__Task directions__
Search the data for the word "file" and copy every line that contains it.

■ ■ ■ ■ ■ ■ ■

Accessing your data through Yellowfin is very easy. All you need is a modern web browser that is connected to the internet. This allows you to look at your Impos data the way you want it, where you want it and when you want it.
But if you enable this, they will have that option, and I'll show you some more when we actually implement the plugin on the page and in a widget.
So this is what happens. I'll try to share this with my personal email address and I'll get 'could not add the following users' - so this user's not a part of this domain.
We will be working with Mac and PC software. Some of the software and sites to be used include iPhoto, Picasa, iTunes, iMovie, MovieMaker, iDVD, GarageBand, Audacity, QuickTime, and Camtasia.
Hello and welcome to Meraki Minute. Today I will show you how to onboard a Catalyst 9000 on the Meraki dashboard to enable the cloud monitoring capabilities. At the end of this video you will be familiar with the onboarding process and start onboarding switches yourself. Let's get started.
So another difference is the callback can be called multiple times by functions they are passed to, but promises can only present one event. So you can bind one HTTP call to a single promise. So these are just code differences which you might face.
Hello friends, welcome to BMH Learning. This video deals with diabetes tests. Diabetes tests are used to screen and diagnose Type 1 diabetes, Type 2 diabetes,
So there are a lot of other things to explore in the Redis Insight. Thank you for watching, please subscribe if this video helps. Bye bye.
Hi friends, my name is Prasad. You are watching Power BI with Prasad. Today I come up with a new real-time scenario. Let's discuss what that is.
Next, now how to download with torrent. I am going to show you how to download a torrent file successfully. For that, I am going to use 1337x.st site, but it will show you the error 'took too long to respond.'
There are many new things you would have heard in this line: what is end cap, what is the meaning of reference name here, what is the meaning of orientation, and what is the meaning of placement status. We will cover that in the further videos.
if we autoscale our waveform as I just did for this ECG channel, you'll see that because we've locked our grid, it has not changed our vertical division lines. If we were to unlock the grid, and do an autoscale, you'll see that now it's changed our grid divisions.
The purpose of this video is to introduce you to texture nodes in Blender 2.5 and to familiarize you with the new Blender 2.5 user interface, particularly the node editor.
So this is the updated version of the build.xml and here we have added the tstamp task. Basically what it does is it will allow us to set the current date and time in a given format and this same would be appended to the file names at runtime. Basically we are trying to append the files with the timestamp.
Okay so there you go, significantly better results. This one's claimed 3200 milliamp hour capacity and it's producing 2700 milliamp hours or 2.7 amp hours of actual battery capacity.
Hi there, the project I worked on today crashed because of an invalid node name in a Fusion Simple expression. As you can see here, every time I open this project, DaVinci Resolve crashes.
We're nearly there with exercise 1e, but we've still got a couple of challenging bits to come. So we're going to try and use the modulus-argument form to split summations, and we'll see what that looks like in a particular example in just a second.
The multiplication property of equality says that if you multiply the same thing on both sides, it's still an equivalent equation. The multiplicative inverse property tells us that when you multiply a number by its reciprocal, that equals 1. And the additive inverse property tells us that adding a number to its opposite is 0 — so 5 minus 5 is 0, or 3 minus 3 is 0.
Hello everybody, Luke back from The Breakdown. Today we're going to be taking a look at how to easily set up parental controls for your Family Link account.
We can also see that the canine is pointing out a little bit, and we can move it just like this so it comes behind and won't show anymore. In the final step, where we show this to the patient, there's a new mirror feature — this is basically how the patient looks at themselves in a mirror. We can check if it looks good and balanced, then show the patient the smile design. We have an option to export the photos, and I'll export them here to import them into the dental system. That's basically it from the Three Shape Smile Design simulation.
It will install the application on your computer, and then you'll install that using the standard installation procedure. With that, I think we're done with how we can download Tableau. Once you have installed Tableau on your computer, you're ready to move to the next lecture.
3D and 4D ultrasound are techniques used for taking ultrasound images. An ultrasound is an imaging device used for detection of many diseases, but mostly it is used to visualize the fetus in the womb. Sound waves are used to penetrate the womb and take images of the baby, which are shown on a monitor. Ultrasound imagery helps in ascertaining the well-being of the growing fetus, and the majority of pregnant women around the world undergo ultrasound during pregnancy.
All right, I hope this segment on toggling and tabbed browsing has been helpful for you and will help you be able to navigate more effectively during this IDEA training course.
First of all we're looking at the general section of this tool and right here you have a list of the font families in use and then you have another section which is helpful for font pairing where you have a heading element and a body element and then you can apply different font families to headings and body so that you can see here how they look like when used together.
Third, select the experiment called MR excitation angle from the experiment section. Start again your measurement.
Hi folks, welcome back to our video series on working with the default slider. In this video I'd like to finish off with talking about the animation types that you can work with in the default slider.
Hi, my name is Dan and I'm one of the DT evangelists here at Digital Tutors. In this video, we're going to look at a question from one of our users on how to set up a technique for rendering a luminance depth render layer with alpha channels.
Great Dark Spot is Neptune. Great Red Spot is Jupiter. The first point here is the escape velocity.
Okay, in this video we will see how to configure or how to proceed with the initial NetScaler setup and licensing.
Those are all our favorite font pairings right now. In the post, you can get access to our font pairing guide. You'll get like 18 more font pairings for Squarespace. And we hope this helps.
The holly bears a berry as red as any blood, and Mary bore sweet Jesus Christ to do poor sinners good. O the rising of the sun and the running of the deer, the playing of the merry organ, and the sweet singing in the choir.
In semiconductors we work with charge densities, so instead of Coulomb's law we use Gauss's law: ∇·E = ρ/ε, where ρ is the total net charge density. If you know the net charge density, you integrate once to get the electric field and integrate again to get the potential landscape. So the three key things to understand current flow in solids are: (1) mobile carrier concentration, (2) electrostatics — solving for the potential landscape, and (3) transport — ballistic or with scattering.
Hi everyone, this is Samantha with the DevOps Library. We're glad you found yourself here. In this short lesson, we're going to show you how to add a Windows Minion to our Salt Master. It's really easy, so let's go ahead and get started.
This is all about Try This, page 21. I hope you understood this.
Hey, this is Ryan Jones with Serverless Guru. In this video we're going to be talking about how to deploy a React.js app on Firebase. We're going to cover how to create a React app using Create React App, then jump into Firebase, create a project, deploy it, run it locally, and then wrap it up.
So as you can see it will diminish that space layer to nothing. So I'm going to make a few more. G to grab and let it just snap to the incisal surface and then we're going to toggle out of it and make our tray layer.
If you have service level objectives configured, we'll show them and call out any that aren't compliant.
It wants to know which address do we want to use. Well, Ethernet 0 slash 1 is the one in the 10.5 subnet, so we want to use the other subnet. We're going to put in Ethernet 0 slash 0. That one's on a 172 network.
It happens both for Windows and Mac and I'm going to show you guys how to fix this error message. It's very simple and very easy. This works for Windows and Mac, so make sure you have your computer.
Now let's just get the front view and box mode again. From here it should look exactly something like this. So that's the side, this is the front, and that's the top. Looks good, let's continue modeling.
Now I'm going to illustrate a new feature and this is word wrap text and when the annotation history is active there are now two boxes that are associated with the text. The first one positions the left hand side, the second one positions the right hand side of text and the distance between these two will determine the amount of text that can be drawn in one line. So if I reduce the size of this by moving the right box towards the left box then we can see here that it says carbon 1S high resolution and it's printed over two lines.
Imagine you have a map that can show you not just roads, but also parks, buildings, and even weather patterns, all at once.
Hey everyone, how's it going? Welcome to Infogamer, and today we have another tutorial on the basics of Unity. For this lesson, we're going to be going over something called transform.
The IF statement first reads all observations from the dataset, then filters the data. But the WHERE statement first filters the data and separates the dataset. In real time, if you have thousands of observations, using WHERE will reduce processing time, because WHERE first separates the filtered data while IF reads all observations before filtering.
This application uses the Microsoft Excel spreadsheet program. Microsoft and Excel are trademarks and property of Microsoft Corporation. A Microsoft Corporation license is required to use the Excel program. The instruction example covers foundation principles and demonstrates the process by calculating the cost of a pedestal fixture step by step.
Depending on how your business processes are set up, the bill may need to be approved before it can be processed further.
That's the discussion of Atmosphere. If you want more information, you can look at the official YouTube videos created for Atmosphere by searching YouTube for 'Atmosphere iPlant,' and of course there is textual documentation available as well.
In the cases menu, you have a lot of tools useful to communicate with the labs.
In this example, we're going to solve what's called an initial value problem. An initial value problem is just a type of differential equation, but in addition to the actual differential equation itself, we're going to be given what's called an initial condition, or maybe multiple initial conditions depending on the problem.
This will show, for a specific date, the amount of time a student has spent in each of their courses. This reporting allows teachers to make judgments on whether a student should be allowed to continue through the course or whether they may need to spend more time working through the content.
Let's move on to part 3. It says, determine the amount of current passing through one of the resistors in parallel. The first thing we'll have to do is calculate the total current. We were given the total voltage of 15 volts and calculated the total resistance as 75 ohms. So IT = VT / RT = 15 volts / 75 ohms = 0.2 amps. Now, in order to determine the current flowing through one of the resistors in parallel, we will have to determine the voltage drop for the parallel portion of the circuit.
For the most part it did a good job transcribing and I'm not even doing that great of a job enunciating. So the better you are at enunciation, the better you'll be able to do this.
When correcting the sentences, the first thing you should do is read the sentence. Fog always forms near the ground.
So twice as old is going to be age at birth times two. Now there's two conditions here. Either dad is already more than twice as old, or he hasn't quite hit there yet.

■ ■ ■ ■ ■ ■ ■

__Answer box__
Next, now how to download with torrent. I am going to show you how to download a torrent file successfully. For that, I am going to use 1337x.st site, but it will show you the error 'took too long to respond.'
So this is the updated version of the build.xml and here we have added the tstamp task. Basically what it does is it will allow us to set the current date and time in a given format and this same would be appended to the file names at runtime. Basically we are trying to append the files with the timestamp.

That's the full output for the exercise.